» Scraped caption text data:
==========

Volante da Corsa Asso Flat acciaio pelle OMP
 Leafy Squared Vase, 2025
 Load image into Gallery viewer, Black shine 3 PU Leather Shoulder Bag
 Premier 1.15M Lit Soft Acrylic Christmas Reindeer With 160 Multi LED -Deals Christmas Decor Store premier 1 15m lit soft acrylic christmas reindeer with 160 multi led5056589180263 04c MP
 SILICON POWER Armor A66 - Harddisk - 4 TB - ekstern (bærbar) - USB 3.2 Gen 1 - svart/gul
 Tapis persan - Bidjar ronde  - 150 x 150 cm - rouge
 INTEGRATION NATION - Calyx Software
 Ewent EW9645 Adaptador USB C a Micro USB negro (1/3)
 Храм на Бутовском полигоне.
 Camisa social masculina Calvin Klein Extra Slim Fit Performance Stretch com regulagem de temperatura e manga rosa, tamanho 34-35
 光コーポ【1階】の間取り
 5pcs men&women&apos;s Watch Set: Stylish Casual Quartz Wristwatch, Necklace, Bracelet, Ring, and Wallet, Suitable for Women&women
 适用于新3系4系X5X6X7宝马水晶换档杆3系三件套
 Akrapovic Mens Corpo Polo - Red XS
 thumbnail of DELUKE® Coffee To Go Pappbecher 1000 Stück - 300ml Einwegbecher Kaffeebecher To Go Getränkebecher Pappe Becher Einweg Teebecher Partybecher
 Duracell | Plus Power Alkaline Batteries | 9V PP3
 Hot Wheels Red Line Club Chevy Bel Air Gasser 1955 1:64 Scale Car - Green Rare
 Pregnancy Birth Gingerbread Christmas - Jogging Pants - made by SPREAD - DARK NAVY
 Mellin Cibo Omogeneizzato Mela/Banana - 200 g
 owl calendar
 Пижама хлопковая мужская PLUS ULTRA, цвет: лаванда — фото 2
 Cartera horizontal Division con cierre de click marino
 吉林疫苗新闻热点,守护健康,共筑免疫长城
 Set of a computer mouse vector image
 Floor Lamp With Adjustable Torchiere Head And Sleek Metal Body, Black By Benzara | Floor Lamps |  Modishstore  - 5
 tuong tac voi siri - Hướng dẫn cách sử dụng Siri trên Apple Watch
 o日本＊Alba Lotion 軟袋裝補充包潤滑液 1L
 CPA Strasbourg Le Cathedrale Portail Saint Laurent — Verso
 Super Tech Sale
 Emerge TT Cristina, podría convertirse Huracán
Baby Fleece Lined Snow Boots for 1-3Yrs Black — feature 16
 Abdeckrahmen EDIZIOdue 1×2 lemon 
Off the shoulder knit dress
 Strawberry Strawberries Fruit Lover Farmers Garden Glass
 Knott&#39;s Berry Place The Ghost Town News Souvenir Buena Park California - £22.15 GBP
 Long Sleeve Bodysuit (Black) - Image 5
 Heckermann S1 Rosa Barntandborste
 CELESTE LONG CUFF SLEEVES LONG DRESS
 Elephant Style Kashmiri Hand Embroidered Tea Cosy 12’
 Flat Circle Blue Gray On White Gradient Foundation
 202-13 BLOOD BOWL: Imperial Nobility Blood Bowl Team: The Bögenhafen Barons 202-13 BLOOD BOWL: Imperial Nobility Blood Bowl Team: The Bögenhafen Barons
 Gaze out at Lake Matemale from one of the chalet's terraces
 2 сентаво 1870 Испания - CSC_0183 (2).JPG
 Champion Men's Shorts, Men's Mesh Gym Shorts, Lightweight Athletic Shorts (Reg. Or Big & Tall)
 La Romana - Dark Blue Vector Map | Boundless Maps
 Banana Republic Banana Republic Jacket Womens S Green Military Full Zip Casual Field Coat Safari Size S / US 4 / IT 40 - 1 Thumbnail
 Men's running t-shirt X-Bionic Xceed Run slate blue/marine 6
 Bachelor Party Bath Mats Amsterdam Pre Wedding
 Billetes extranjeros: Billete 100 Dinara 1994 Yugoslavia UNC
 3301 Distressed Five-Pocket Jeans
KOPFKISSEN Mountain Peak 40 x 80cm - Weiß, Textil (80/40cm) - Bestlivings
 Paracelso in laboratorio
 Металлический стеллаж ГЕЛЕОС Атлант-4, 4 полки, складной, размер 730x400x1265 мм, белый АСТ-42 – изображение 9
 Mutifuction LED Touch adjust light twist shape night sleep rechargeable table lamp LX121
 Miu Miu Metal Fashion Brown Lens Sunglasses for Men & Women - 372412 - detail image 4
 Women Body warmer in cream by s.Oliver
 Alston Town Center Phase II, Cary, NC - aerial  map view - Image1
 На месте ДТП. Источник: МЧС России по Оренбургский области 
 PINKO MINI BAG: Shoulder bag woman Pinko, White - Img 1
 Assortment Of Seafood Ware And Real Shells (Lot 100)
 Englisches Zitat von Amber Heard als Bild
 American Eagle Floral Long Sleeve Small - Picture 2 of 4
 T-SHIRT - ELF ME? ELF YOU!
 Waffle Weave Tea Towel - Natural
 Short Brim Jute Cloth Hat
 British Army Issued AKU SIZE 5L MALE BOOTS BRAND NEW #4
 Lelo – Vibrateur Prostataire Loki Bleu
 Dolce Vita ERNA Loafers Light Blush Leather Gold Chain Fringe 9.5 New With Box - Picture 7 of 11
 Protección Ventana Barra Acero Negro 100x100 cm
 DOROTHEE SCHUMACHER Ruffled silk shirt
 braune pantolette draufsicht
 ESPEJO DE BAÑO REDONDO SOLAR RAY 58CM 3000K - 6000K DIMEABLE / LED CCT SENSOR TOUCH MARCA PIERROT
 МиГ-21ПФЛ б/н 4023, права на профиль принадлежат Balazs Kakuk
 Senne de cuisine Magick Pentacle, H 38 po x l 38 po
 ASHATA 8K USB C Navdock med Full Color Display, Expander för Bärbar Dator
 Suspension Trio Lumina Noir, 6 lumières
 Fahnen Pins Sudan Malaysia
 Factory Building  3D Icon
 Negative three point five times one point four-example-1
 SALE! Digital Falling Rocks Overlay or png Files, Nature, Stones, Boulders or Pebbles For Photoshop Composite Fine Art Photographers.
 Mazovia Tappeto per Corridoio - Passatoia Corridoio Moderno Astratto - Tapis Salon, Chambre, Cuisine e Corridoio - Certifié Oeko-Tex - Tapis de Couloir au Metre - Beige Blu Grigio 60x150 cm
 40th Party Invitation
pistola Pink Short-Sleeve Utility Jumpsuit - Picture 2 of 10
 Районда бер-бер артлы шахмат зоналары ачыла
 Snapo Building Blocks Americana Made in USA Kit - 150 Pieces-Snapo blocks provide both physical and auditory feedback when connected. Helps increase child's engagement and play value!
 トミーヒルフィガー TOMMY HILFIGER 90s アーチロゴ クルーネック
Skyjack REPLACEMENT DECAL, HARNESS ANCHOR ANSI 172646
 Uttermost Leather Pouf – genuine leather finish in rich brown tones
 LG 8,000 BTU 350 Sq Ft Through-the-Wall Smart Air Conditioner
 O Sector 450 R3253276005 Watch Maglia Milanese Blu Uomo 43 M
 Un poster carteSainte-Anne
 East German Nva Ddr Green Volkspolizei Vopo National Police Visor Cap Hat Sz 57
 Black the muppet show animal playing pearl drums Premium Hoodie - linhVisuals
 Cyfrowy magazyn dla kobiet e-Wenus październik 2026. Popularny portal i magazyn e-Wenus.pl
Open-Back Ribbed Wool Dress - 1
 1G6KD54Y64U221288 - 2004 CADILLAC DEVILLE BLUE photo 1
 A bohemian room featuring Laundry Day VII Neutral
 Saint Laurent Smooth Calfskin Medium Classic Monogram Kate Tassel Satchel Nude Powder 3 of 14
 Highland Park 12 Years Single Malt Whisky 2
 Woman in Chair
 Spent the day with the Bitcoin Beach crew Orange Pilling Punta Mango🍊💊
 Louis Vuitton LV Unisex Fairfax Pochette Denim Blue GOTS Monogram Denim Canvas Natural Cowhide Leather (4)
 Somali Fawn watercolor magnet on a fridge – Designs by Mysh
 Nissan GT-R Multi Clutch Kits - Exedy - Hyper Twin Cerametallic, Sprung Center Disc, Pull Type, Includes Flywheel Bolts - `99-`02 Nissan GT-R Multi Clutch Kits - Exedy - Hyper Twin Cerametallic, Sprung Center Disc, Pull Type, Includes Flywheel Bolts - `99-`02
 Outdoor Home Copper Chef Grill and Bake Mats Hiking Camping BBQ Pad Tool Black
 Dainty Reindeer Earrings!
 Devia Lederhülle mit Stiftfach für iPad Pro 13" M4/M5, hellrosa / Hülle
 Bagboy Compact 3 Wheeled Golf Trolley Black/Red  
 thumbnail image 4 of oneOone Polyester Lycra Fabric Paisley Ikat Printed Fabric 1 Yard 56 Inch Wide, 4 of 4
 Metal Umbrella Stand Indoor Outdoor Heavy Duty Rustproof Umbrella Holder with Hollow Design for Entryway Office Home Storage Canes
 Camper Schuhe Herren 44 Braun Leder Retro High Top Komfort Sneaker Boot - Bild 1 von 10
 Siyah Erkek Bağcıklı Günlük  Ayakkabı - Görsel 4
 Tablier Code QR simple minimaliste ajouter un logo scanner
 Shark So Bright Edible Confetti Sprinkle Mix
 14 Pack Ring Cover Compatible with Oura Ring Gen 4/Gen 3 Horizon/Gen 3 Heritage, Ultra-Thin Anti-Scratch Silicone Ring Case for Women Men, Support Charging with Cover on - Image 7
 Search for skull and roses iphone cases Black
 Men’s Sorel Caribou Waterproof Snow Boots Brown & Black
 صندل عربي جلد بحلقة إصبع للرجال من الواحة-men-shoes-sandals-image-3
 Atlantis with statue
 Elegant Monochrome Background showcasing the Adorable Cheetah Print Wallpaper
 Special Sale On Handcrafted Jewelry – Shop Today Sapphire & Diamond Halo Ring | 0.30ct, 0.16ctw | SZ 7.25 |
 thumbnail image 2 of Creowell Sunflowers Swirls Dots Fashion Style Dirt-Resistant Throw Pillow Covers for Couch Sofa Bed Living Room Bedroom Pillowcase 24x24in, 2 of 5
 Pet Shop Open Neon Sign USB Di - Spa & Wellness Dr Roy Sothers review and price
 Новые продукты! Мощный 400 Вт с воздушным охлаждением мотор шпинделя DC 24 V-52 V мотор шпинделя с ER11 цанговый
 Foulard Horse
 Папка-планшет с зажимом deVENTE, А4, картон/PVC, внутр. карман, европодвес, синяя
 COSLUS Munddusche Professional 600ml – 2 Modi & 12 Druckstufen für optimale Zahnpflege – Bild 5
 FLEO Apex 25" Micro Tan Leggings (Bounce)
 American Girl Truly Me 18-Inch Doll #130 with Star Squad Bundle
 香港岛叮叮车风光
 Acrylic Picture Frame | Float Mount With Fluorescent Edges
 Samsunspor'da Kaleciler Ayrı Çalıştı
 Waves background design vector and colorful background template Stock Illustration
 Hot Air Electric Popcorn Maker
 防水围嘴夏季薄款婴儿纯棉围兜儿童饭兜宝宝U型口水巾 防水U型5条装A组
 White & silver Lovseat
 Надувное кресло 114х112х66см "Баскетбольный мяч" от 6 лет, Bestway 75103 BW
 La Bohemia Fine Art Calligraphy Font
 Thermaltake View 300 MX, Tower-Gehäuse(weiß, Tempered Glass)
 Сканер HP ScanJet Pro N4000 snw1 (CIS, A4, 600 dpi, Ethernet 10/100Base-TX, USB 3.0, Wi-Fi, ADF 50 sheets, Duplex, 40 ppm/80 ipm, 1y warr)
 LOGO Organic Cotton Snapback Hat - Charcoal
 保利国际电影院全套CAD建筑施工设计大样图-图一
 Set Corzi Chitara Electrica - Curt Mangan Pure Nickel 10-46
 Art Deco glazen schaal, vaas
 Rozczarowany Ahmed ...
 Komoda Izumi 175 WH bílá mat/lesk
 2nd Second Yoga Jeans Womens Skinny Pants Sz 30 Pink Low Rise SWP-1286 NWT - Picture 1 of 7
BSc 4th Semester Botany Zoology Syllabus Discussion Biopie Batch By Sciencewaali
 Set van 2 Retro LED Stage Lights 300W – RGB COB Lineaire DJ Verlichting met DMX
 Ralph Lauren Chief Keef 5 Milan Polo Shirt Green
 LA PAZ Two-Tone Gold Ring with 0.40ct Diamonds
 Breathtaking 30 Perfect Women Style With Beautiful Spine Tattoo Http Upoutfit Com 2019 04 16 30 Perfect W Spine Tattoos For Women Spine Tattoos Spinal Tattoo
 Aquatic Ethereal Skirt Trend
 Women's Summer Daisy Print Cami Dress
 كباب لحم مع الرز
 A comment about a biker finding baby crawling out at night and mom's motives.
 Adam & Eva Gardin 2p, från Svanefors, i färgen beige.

==========

» YOUR INSTRUCTIONS:
Would you please copy exactly the part of the entries above that begins at the line containing "Men’s Sorel Caribou" and ends at the line containing "COSLUS Munddusche Professional", both lines included?

» YOUR SOLUTION:
 Men’s Sorel Caribou Waterproof Snow Boots Brown & Black
 صندل عربي جلد بحلقة إصبع للرجال من الواحة-men-shoes-sandals-image-3
 Atlantis with statue
 Elegant Monochrome Background showcasing the Adorable Cheetah Print Wallpaper
 Special Sale On Handcrafted Jewelry – Shop Today Sapphire & Diamond Halo Ring | 0.30ct, 0.16ctw | SZ 7.25 |
 thumbnail image 2 of Creowell Sunflowers Swirls Dots Fashion Style Dirt-Resistant Throw Pillow Covers for Couch Sofa Bed Living Room Bedroom Pillowcase 24x24in, 2 of 5
 Pet Shop Open Neon Sign USB Di - Spa & Wellness Dr Roy Sothers review and price
 Новые продукты! Мощный 400 Вт с воздушным охлаждением мотор шпинделя DC 24 V-52 V мотор шпинделя с ER11 цанговый
 Foulard Horse
 Папка-планшет с зажимом deVENTE, А4, картон/PVC, внутр. карман, европодвес, синяя
 COSLUS Munddusche Professional 600ml – 2 Modi & 12 Druckstufen für optimale Zahnpflege – Bild 5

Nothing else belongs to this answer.